Meryem Benm’Barek : « Jennah est un reflet de mon adolescence »

A gauche, Emilia Derou-Bernal dans le rôle de la mère (DR/Photos tournage)

Une Franco-Marocaine, Meryem Benm’Barek, a reçu le Grand prix du meilleur court-métrage au festival de Rhode Island aux Etats-Unis pour son film Jennah qui concourt désormais aux Oscars de 2015.

Jennah, c’est l’histoire d’une adolescente aux yeux bleus pétant qui rêve d’une présence paternelle. Cette absence sème le trouble entre la mère et la jeune fille qui ne parvient pas à se défaire de ses fantasmes. Une ambiance austère s’est installée dans leur modeste appartement. A priori, une histoire banale, comme il en existerait partout. Et pourtant, ce film est passé du noir à la lumière lors du festival de Rhode island, aux Etats-Unis. La réalisatrice, la Franco-Marocaine Meryem Benm’Barek, a reçu, début août, le Grand prix du meilleur court-métrage. Cette production, réalisée dans le cadre de son projet de fin d’études à l’Institut national supérieur des arts du spectacle (INSAS), a séduit le jury.

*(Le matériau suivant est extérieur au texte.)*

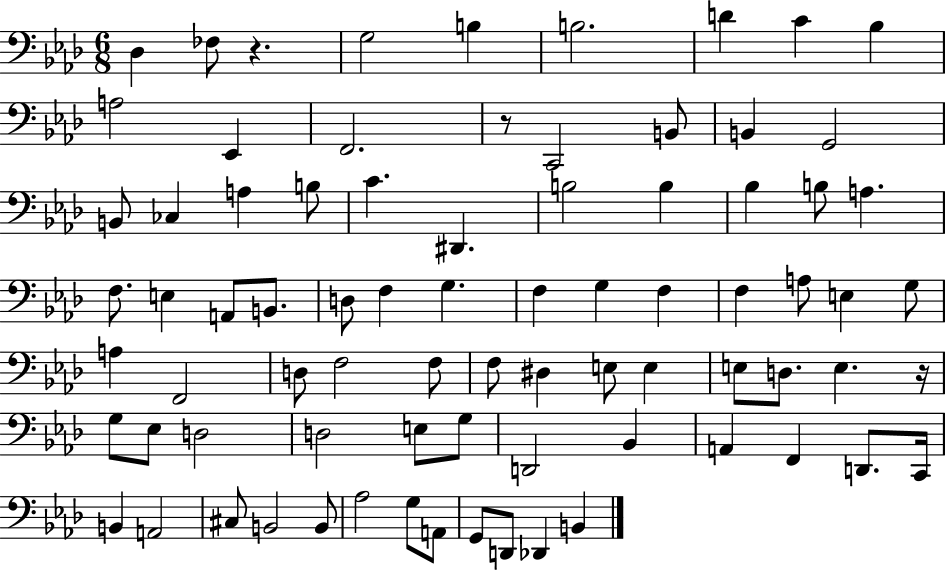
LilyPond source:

{
  \clef bass
  \numericTimeSignature
  \time 6/8
  \key aes \major
  \repeat volta 2 { des4 fes8 r4. | g2 b4 | b2. | d'4 c'4 bes4 | \break a2 ees,4 | f,2. | r8 c,2 b,8 | b,4 g,2 | \break b,8 ces4 a4 b8 | c'4. dis,4. | b2 b4 | bes4 b8 a4. | \break f8. e4 a,8 b,8. | d8 f4 g4. | f4 g4 f4 | f4 a8 e4 g8 | \break a4 f,2 | d8 f2 f8 | f8 dis4 e8 e4 | e8 d8. e4. r16 | \break g8 ees8 d2 | d2 e8 g8 | d,2 bes,4 | a,4 f,4 d,8. c,16 | \break b,4 a,2 | cis8 b,2 b,8 | aes2 g8 a,8 | g,8 d,8 des,4 b,4 | \break } \bar "|."
}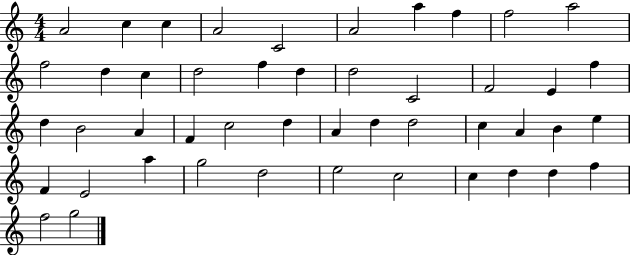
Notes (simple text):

A4/h C5/q C5/q A4/h C4/h A4/h A5/q F5/q F5/h A5/h F5/h D5/q C5/q D5/h F5/q D5/q D5/h C4/h F4/h E4/q F5/q D5/q B4/h A4/q F4/q C5/h D5/q A4/q D5/q D5/h C5/q A4/q B4/q E5/q F4/q E4/h A5/q G5/h D5/h E5/h C5/h C5/q D5/q D5/q F5/q F5/h G5/h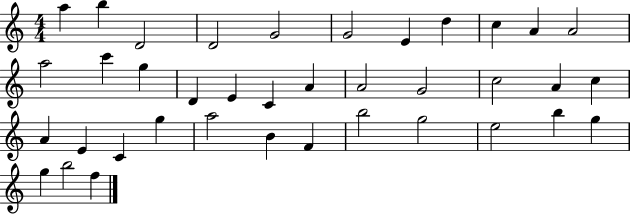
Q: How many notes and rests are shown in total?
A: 38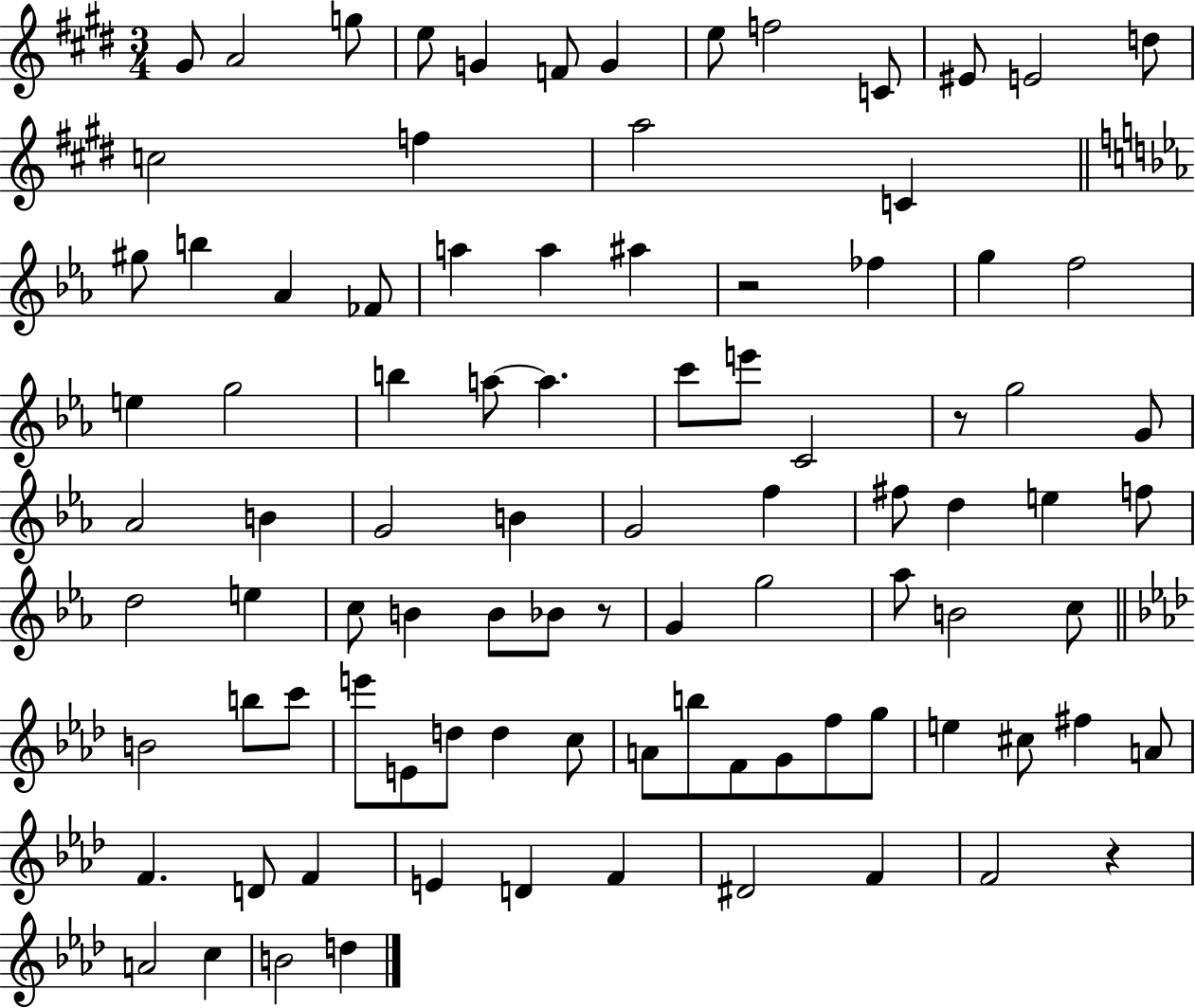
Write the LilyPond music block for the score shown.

{
  \clef treble
  \numericTimeSignature
  \time 3/4
  \key e \major
  gis'8 a'2 g''8 | e''8 g'4 f'8 g'4 | e''8 f''2 c'8 | eis'8 e'2 d''8 | \break c''2 f''4 | a''2 c'4 | \bar "||" \break \key ees \major gis''8 b''4 aes'4 fes'8 | a''4 a''4 ais''4 | r2 fes''4 | g''4 f''2 | \break e''4 g''2 | b''4 a''8~~ a''4. | c'''8 e'''8 c'2 | r8 g''2 g'8 | \break aes'2 b'4 | g'2 b'4 | g'2 f''4 | fis''8 d''4 e''4 f''8 | \break d''2 e''4 | c''8 b'4 b'8 bes'8 r8 | g'4 g''2 | aes''8 b'2 c''8 | \break \bar "||" \break \key aes \major b'2 b''8 c'''8 | e'''8 e'8 d''8 d''4 c''8 | a'8 b''8 f'8 g'8 f''8 g''8 | e''4 cis''8 fis''4 a'8 | \break f'4. d'8 f'4 | e'4 d'4 f'4 | dis'2 f'4 | f'2 r4 | \break a'2 c''4 | b'2 d''4 | \bar "|."
}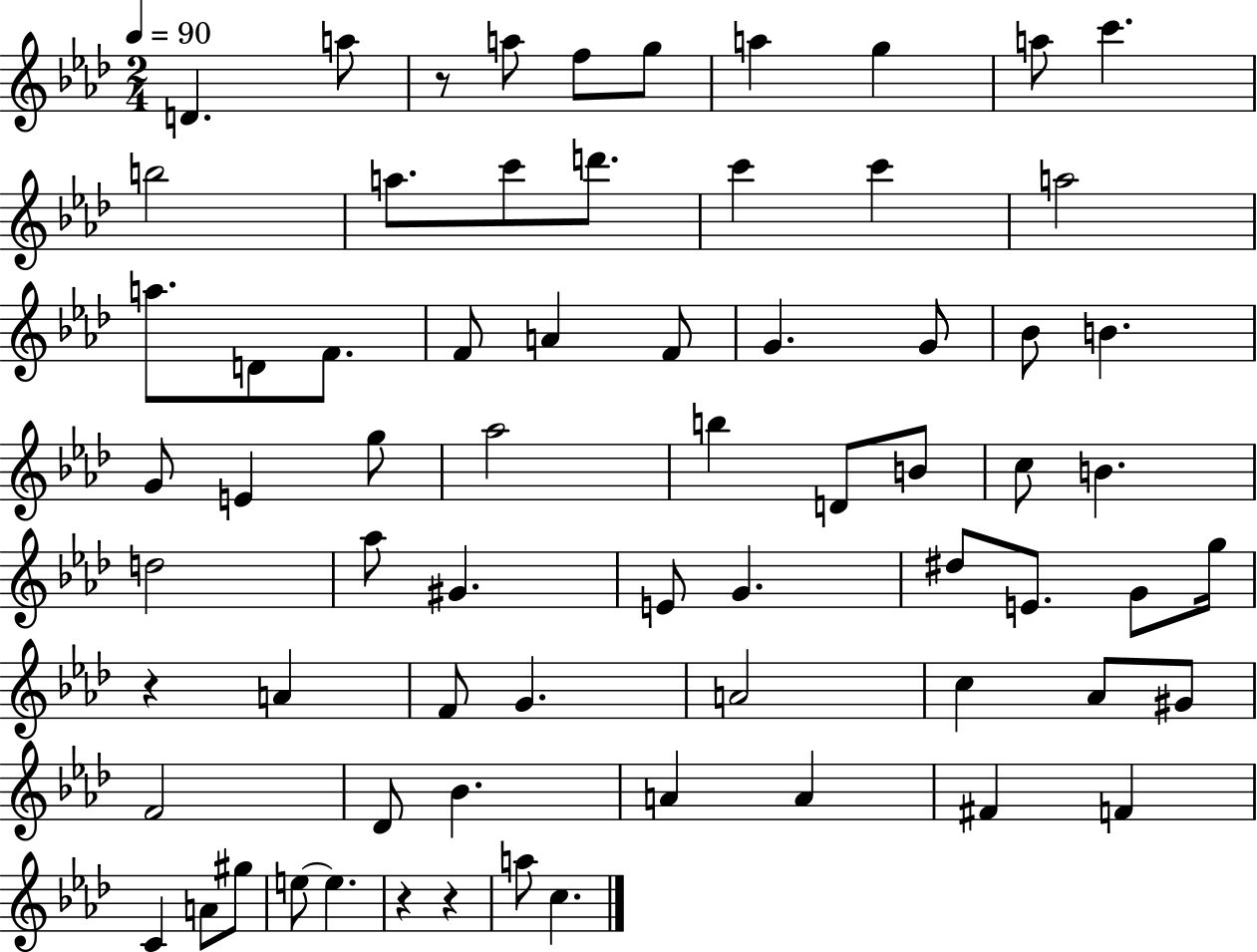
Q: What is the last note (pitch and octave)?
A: C5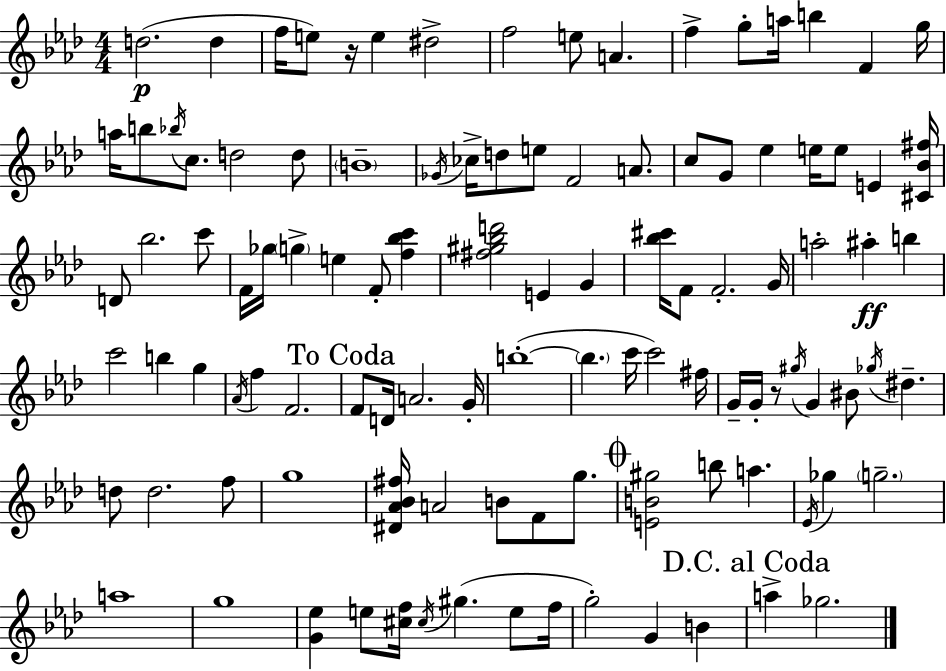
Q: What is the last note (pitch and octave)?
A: Gb5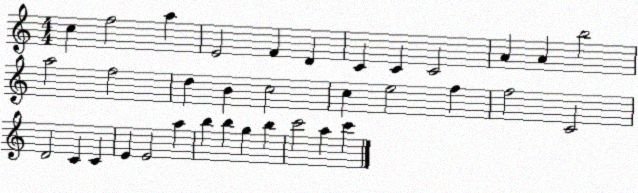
X:1
T:Untitled
M:4/4
L:1/4
K:C
c f2 a E2 F D C C C2 A A b2 a2 f2 d B c2 c e2 f f2 C2 D2 C C E E2 a b b g b c'2 a c'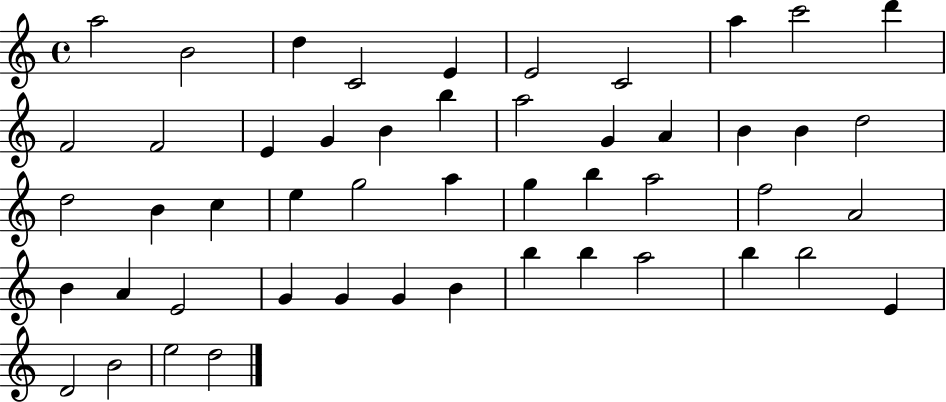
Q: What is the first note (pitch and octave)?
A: A5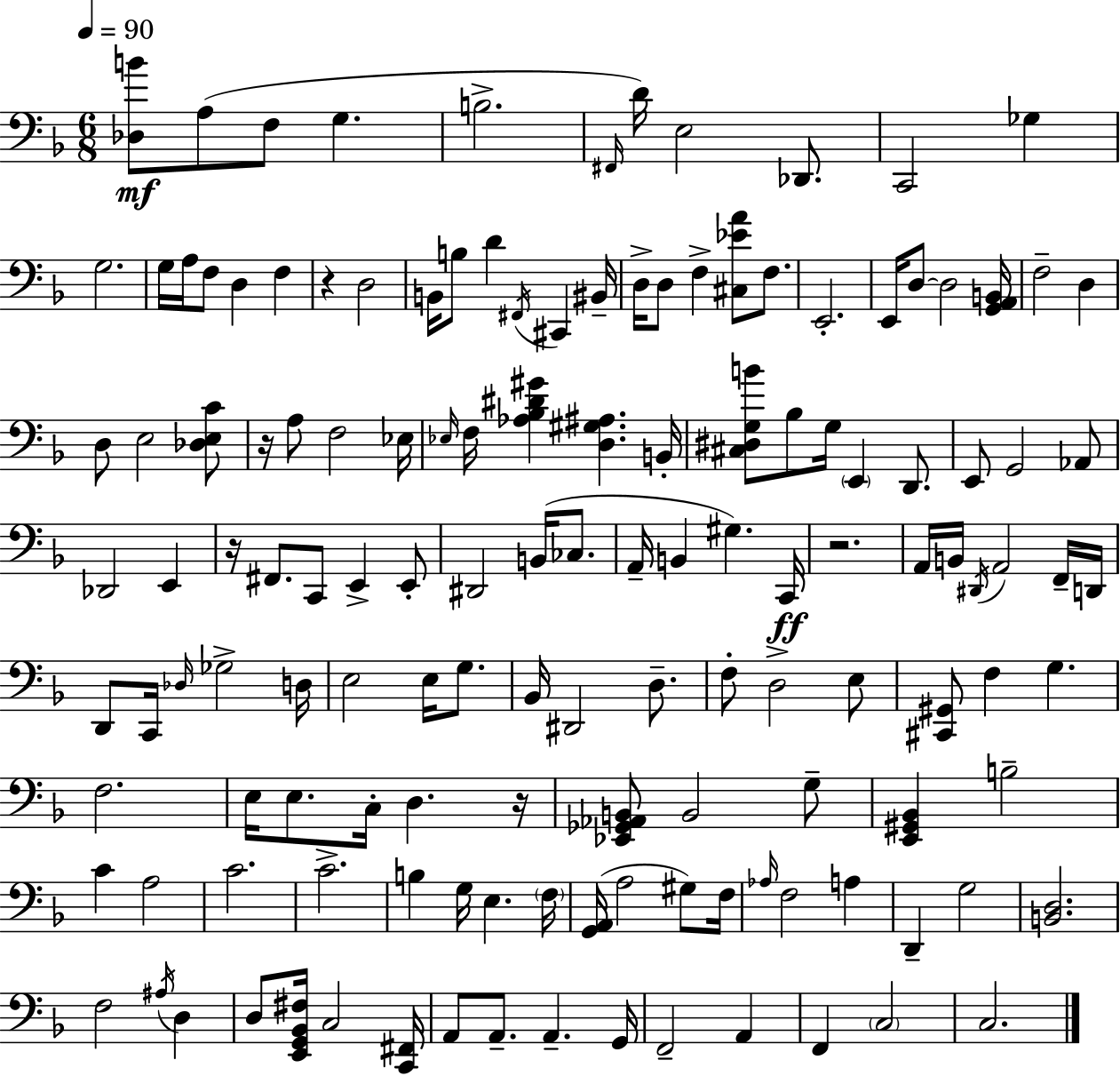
{
  \clef bass
  \numericTimeSignature
  \time 6/8
  \key d \minor
  \tempo 4 = 90
  \repeat volta 2 { <des b'>8\mf a8( f8 g4. | b2.-> | \grace { fis,16 } d'16) e2 des,8. | c,2 ges4 | \break g2. | g16 a16 f8 d4 f4 | r4 d2 | b,16 b8 d'4 \acciaccatura { fis,16 } cis,4 | \break bis,16-- d16-> d8 f4-> <cis ees' a'>8 f8. | e,2.-. | e,16 d8~~ d2 | <g, a, b,>16 f2-- d4 | \break d8 e2 | <des e c'>8 r16 a8 f2 | ees16 \grace { ees16 } f16 <aes bes dis' gis'>4 <d gis ais>4. | b,16-. <cis dis g b'>8 bes8 g16 \parenthesize e,4 | \break d,8. e,8 g,2 | aes,8 des,2 e,4 | r16 fis,8. c,8 e,4-> | e,8-. dis,2 b,16( | \break ces8. a,16-- b,4 gis4.) | c,16\ff r2. | a,16 b,16 \acciaccatura { dis,16 } a,2 | f,16-- d,16 d,8 c,16 \grace { des16 } ges2-> | \break d16 e2 | e16 g8. bes,16 dis,2 | d8.-- f8-. d2-> | e8 <cis, gis,>8 f4 g4. | \break f2. | e16 e8. c16-. d4. | r16 <ees, ges, aes, b,>8 b,2 | g8-- <e, gis, bes,>4 b2-- | \break c'4 a2 | c'2. | c'2.-> | b4 g16 e4. | \break \parenthesize f16 <g, a,>16( a2 | gis8) f16 \grace { aes16 } f2 | a4 d,4-- g2 | <b, d>2. | \break f2 | \acciaccatura { ais16 } d4 d8 <e, g, bes, fis>16 c2 | <c, fis,>16 a,8 a,8.-- | a,4.-- g,16 f,2-- | \break a,4 f,4 \parenthesize c2 | c2. | } \bar "|."
}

Une distinction qui permet à Jennah de concourir aux Oscars de 2015.

Trailer Jennah from meryem benmbarek on Vimeo.

Pour tenter de comprendre la recette d’une telle réussite, Meryem Benm’Barek a ouvert les portes de l’univers Jennah à Afrik.com, en acceptant de répondre à trois questions :

Afrik.com : L’histoire de Jennah est du « déjà vu ». Et pourtant, votre film a reçu le Grand prix, dans la catégorie court-métrage, du Festival de Rhode Island. Selon vous, qu’est-ce qui a plu au jury ?

Meryem Benm’Barek : Je dirais que les histoires se répètent à travers les siècles, quelque soit la forme d’expression utilisée. Ce qui diffère c’est plutôt la manière dont on les raconte, quels points de vue et mise en forme on choisit. En ce sens, je crois qu’il y a autant de choix de formes et de points de vue que de sensibilités différentes et autant de sensibilités que de personnes différentes. Donc peut être simplement que je jury a été touché par ma sensibilité. Jennah est un film très sensitif dans la forme choisie. On aborde la complexité du monde uniquement à travers le regard de cette jeune adolescente. Jennah est dans cette période de basculement par laquelle on est tous passé, c’est encore une enfant dans un corps de femme.

Tiziana Stordeur dans le rôle de

Afrik.com : Jennah signifie paradis en français. Paradoxalement, cette jeune fille solitaire est loin de vivre un paradis…

Meryem Benm’Barek : Jennah vit en fait dans la recherche de la figure paternelle. Son père lui manque et elle aspire à un équilibre qu’elle n’arrive pas à atteindre. Dans sa solitude, elle s’est construite un vrai monde intérieur dans lequel elle se réfugie. Un monde intérieur où elle peut fantasmer une vie parfaite, un paradis terrestre, où elle reconstruit un équilibre qui lui est nécessaire ou alors un paradis spirituel ou elle peut se réfugier avec son père.

A gauche, Emilia Derou-Bernal dans le rôle de la mère (DR/Photos tournage)

Afrik.com : Jennah n’a plus de père. Quant à vous, vous avez dédié ce film au vôtre. Jennah et Meryem se ressemblent-elles ?

Meryem Benm’Barek : Bien sûr Jennah est un reflet de mon adolescence, c’est certain. Lorsqu’on écrit une histoire quelle qu’elle soit on met de nous dans tous les personnages, nos traits de caractère, notre sensibilité et notre expérience. On part de nous-même pour exprimer aux autres une réalité qui nous émeut ou nous bouleverse. Donc oui Jennah et moi nous nous ressemblons évidemment, mais de la même manière qu’il y a de moi dans le personnage de la mère ou dans celui des compagnons des deux personnages féminins.

Meryem Benm’Barek travaille actuellement sur l’écriture de son premier long métrage, en collaboration avec un co-scénariste et écrivain, Abdel Hafed Benotman.